Power theft closes city firm

2013-04-12 00:00

WHOLESALE theft of electricity, with thieves removing new cables as fast as they are being replaced, could be causing companies in Pietermaritzburg to to close down, leading to job losses.

This is what Dave Varrie believes. He should know — he continues to be a victim.

Varrie ran Bargain Blocks, a concrete block manufacturing business on Bambatha Road. The factory operated for seven years without a problem until the middle of last year when the thefts started and continued unrelentingly.

In the end, with losses running into hundreds of thousands of rands, the company was forced to close.

“We had to let 36 workers go who were bread­winners,” said Varrie.

“They say that for every person who loses his or her job, at least five others are affected; this was the sad consequence of the theft.”

Bargain Blocks first faced montly electricity bills of R20 000 and the cost increased as its electricity was being stolen.

It took Varrie months to sort out the problem, and only recently, after several representations to the municipality, Bargain Blocks was refunded R73 000.

Then the thieves brazenly hooked up to the mini substation that fed the factory. Each time an illegal connection went wrong, the plant experienced blow-outs and had to spend thousands on repairs on its machinery.

Varrie said that when the thieves needed masses of cabling to feed electricity to surrounding clients. they cut holes in the fence and dug trenches to steal the underground cables.

The thieves even sat in the factory yard and stripped the insulation of the cables. As soon as a cable was replaced, it was stolen.
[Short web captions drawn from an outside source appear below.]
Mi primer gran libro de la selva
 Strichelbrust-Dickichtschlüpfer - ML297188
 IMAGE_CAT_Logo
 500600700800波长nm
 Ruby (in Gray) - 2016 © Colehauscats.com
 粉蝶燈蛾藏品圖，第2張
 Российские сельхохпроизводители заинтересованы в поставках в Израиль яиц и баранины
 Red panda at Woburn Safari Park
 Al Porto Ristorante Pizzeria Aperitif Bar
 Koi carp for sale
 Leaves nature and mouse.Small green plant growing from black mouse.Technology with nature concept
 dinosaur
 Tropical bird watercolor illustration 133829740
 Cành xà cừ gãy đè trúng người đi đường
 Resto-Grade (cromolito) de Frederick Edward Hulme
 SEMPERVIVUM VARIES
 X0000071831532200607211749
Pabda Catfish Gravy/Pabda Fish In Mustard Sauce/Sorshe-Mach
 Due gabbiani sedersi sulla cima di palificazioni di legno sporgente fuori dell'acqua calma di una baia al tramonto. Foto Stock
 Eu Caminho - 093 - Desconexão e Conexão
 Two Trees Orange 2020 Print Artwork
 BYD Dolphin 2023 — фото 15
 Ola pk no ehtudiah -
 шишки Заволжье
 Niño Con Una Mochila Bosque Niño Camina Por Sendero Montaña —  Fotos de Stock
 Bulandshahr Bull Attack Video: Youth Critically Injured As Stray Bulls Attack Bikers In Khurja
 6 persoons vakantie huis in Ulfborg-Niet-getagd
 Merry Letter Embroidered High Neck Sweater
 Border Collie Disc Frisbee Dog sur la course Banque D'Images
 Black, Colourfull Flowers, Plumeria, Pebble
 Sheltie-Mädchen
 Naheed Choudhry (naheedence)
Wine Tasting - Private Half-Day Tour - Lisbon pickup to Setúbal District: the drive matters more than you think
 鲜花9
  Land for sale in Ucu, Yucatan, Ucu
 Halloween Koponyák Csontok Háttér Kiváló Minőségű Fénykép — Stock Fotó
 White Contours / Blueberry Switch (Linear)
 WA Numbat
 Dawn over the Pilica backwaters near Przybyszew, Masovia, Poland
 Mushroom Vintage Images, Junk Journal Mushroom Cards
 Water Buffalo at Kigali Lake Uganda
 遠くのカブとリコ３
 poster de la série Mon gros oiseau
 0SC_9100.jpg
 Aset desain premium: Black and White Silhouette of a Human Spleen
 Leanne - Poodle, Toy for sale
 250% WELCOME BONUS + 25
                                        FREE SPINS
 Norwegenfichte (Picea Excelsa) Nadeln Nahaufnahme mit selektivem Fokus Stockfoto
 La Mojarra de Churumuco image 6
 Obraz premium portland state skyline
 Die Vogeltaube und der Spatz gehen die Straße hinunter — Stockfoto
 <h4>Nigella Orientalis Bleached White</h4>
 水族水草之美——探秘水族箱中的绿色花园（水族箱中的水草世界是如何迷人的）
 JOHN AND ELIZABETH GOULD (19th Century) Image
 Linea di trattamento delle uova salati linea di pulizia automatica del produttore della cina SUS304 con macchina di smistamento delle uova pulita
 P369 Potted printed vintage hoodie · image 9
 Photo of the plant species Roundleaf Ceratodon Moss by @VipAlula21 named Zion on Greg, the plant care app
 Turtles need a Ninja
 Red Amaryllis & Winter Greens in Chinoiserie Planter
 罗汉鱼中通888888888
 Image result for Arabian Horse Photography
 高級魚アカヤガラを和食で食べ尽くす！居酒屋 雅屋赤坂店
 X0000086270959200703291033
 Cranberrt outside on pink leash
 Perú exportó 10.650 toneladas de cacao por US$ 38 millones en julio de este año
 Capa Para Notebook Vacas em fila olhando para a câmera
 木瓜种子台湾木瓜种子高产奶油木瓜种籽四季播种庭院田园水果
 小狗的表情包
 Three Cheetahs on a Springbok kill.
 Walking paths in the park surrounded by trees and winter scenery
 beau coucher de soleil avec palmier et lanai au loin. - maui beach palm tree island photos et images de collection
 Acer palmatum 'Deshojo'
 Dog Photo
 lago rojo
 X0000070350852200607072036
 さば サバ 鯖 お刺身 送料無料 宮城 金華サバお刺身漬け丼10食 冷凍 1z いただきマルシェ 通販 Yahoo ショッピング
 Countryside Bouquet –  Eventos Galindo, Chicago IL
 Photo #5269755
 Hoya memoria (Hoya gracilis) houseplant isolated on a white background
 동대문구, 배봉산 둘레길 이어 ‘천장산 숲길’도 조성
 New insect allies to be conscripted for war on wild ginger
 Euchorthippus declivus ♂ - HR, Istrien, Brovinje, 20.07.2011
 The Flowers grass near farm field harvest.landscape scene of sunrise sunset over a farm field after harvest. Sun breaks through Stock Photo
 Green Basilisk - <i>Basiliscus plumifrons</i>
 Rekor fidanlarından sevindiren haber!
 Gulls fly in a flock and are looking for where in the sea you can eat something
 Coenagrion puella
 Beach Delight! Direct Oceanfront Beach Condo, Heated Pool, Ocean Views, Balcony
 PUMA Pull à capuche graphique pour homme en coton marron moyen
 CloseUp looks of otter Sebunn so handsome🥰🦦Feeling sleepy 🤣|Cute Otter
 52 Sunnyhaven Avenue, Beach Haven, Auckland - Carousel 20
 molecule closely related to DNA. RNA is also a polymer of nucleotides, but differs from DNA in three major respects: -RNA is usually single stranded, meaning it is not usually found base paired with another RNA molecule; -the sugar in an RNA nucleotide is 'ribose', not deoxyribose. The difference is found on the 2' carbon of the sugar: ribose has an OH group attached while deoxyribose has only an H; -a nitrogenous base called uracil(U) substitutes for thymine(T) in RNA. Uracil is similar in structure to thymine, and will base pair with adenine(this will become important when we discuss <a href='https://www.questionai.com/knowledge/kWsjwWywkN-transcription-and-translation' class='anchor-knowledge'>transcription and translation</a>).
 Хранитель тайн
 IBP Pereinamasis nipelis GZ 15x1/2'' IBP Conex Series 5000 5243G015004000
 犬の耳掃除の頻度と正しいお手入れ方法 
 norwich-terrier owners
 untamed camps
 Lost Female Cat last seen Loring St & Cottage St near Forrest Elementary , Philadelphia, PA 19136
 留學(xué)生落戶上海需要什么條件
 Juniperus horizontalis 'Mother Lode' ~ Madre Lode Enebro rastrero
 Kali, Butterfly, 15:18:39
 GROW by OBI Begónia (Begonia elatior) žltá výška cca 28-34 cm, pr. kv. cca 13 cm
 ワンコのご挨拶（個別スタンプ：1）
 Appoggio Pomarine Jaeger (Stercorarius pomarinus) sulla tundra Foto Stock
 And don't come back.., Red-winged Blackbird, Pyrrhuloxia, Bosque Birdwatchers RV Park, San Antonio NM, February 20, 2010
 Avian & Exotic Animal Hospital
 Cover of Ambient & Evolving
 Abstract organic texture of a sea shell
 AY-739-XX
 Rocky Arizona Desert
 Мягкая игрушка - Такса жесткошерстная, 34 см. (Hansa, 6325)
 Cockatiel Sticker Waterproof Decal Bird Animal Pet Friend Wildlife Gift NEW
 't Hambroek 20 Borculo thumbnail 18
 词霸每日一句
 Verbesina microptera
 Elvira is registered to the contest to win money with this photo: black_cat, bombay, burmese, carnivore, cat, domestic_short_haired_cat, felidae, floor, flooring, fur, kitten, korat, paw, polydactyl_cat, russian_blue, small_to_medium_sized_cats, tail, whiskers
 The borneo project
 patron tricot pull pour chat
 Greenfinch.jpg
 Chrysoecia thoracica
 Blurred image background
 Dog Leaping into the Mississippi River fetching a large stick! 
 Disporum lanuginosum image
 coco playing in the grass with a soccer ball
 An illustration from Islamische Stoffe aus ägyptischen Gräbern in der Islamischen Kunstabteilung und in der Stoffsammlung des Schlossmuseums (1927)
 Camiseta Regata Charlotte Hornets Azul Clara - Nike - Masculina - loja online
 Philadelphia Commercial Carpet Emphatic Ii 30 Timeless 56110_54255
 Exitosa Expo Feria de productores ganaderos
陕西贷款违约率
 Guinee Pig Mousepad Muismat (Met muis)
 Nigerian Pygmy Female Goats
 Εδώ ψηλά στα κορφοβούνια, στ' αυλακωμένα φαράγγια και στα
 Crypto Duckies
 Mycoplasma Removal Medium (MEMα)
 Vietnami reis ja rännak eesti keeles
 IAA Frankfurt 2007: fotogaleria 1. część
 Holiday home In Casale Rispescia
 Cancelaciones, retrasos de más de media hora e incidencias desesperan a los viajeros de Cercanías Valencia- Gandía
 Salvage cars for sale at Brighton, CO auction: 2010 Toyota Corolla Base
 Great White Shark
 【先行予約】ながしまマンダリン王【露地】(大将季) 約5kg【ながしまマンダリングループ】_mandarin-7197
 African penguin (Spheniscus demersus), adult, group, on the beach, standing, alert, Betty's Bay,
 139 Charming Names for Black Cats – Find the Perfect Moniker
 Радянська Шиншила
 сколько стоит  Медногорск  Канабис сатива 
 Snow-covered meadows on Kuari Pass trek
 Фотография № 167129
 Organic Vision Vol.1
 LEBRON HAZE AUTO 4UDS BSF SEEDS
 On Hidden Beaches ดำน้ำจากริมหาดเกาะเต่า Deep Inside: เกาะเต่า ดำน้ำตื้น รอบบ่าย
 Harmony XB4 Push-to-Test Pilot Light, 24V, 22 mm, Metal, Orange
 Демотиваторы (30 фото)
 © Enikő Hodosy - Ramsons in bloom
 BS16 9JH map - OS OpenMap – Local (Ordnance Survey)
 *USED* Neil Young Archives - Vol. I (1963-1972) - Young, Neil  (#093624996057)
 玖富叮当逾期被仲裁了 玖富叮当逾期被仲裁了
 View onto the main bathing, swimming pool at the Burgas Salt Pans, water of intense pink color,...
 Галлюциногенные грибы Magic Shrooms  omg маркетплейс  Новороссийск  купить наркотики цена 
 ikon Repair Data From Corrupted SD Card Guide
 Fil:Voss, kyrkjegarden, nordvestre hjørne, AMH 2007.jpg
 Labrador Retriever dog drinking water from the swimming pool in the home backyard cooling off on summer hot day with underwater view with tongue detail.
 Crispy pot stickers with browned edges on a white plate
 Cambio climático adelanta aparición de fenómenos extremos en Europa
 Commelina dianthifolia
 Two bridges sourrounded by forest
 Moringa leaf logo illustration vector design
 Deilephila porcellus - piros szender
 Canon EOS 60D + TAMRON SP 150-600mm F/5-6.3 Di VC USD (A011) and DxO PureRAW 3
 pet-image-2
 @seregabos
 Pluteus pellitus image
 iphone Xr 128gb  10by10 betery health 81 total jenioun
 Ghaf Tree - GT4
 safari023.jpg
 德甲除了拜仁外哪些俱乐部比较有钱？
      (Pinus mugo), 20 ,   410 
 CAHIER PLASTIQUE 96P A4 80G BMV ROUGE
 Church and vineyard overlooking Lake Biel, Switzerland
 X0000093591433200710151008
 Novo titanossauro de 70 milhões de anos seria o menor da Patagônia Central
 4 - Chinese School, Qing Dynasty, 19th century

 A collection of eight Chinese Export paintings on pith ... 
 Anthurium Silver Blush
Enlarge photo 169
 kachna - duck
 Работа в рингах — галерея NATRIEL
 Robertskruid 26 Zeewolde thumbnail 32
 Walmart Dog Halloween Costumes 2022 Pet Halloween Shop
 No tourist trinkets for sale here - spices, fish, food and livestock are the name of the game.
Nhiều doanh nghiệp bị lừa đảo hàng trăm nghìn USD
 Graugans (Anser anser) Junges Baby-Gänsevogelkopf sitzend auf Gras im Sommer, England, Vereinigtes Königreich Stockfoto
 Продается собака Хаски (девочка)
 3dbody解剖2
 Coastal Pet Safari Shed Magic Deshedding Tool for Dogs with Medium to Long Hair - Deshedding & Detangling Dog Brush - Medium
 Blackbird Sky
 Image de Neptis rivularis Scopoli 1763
Varrie said the last straw was a scary encounter with the thieves — they threatened to burn down the factory if they were identified and caught.

The factory was closed and the site lay empty for months until local businessman Naaz Moosa made an offer to buy it.

Varrie said he went through weeks of red tape to get the municipality to re-connect the electricity. It was finally done on Monday morning.

Two hours later he went to check the connection and was shocked to find the thieves trying to break the newly installed locks on the sub-station. They threatened him and he fled.

On Tuesday Varrie met Moosa at the site and municipal security staff and electricians arrived to examine the sub-station.

They found the locks broken and a web of cables leading from the plugs to the surrounding area. Residents gathered silently in the background watching as their illegal connections were removed.

Moosa has plans to employ 120 workers on the site and is optimistic about the new business venture, but admitted that Tuesday’s incident left him shaken.

The electricity and security team at Msunduzi Municipality said Varrie’s losses should give Pietermaritzburg residents an idea of how much money, time and effort went into combating electricity theft.

Electricity department head Sabata Nomnganga said money meant for maintenance and upgrading was being used to combat theft.

In the short term the department will consider moving the sub-station.

Msunduzi’s head of traffic and safety, Kwenza Khumalo, said there was a concerted, long-term drive to deal with the theft and assign task teams to work with the police, other municipalities and government departments.

Pietermaritzburg Chamber of Business CEO Melanie Veness was sent an e-mail asking her how electricity theft was affecting businesses in the city. She was out of the office yesterday, but is expected to respond.